Otopsi kemudian mengungkapkan, anak yang saat itu diyakini berusia antara 4 hingga 6 tahun, telah dipukuli sampai mati. Tapi para detektif kepolisian Philadelphia memiliki petunjuk yang terbatas. Selebihnya hanya upaya sia-sia selama beberapa dekade untuk menyelesaikan kejahatan keji itu.
Bocah malang itu mendapat julukan sebagai "The Boy in the Box" (Anak dalam Kardus), sementara yang lain memanggilnya, dengan lebih lembut, "Anak Amerika Tak Dikenal".
Kini identitasnya terungkap. Ia adalah Joseph Augustus Zarelli yang lahir pada 13 Januari 1953.

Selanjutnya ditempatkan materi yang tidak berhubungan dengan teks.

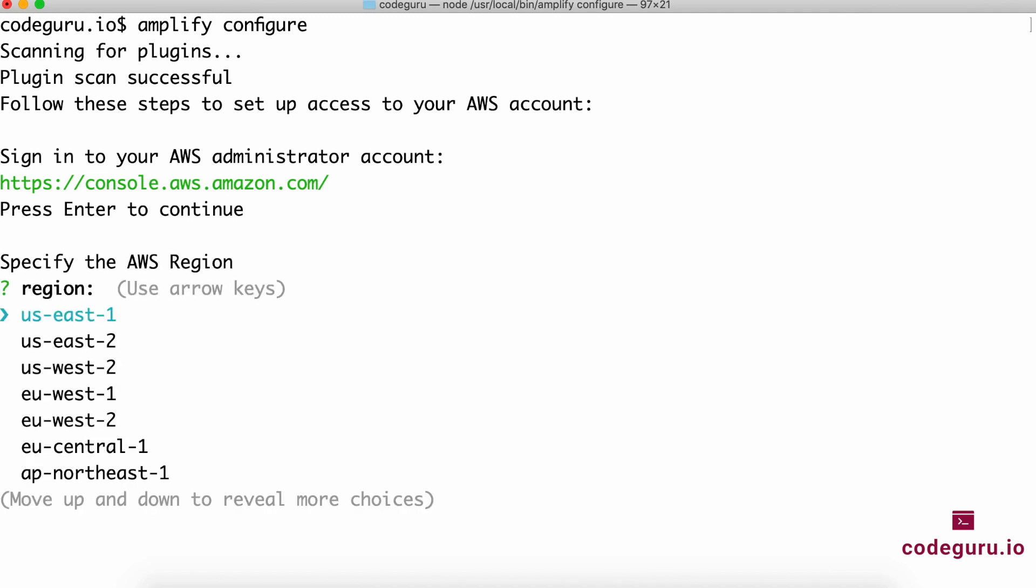It has taken you to the AWS console and is asking you to log in. I've already done that on my machine, so I'll just quickly go through the questions and skip to the next step. After you log in, come and press enter.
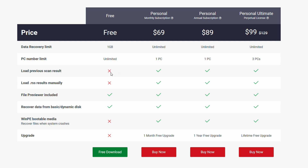On the free version you also cannot load previous scan results automatically — so you can't load those saved results I talked about before, which is a bummer. You are able to preview your files and recover them, but you cannot do it through WinPE, and you don't get a free upgrade. If you want to go up to a monthly subscription, it's $70, and you get unlimited data recovery for one computer plus access to all those features. If you're just trying to recover one thing that you accidentally deleted and it's over one gigabyte — like a drive full of vacation videos — this would be a situation where you might want to just do the monthly subscription.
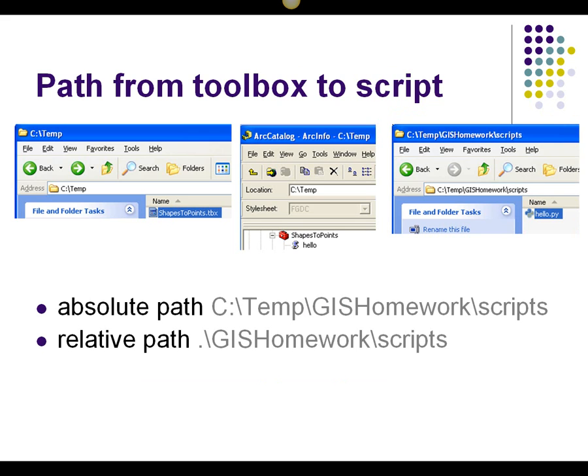Suppose you create a toolbox and add a script tool named Hello. You point the script tool to a script called Hello.py, which resides in C Temp GIS Homework Scripts. This is the script's absolute path.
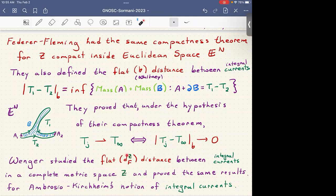Wenger studied the flat distance d_flat inside Z — the distance between integral currents in a complete metric space Z — using the exact same definition, except it can't be called a norm anymore. He proved the same results for Ambrosio-Kirchheim's notion of integral currents. The main idea is now we can think of distances between currents rather than just convergence. This distance is really about how much one-dimension-higher volume lies between the two currents; orientation is very important.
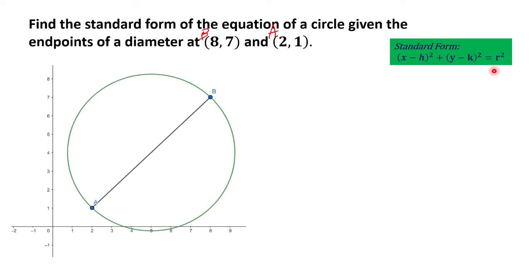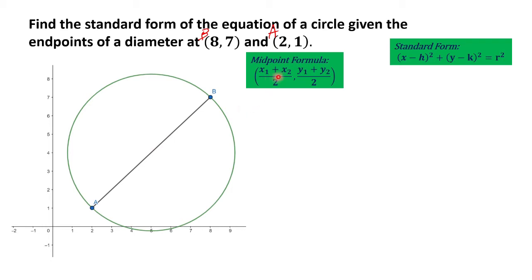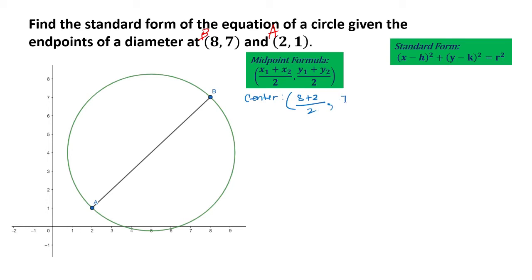Let us first get the center of the circle. Since we know the endpoints of the diameter, we can get the coordinates of the center by using the midpoint formula: (x₁ + x₂)/2 and (y₁ + y₂)/2. Let's say (8, 7) is (x₁, y₁) and (2, 1) is (x₂, y₂). By substitution, our center would be (8 + 2)/2 and (7 + 1)/2. Therefore, our center would be (5, 4), located here — let's call this point C.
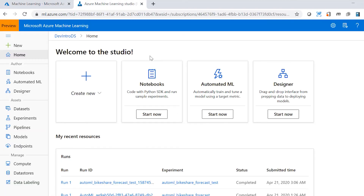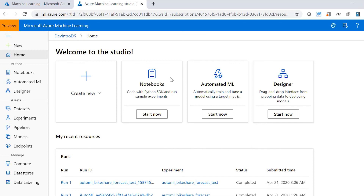This is the homepage of my Azure Machine Learning workspace. As you can see here on the left, we have all the different options for authoring such as notebooks, automated machine learning, and designer, but also all the different options in terms of assets — dataset, experiments, pipelines, model, and endpoints — and also for management such as compute, data source, and data labeling. Depending on your data science scenarios and the tool you feel more comfortable with, you can just select notebooks, automated machine learning, or designer and click on start now.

"Dia berusia 4 tahun saat meninggal," kata Kapten Jason Smith dari Kepolisian Philadelphia, pada konferensi pers Kamis (8/12), di mana polisi menggambarkan terobosan menggunakan DNA dan teknik silsilah genetik yang telah merevolusi penyelidikan dalam beberapa tahun terakhir.
Smith mengatakan, namun petugas belum tahu siapa yang membunuh bocah itu atau keadaan bagaimana dia meninggal, dan penyelidikan akan terus berlanjut.
"Kami memiliki kecurigaan tentang siapa yang mungkin bertanggung jawab, tetapi saya tidak bertanggung jawab untuk membagikan kecurigaan ini karena ini tetap merupakan penyelidikan kriminal yang aktif dan berkelanjutan," kata Smith.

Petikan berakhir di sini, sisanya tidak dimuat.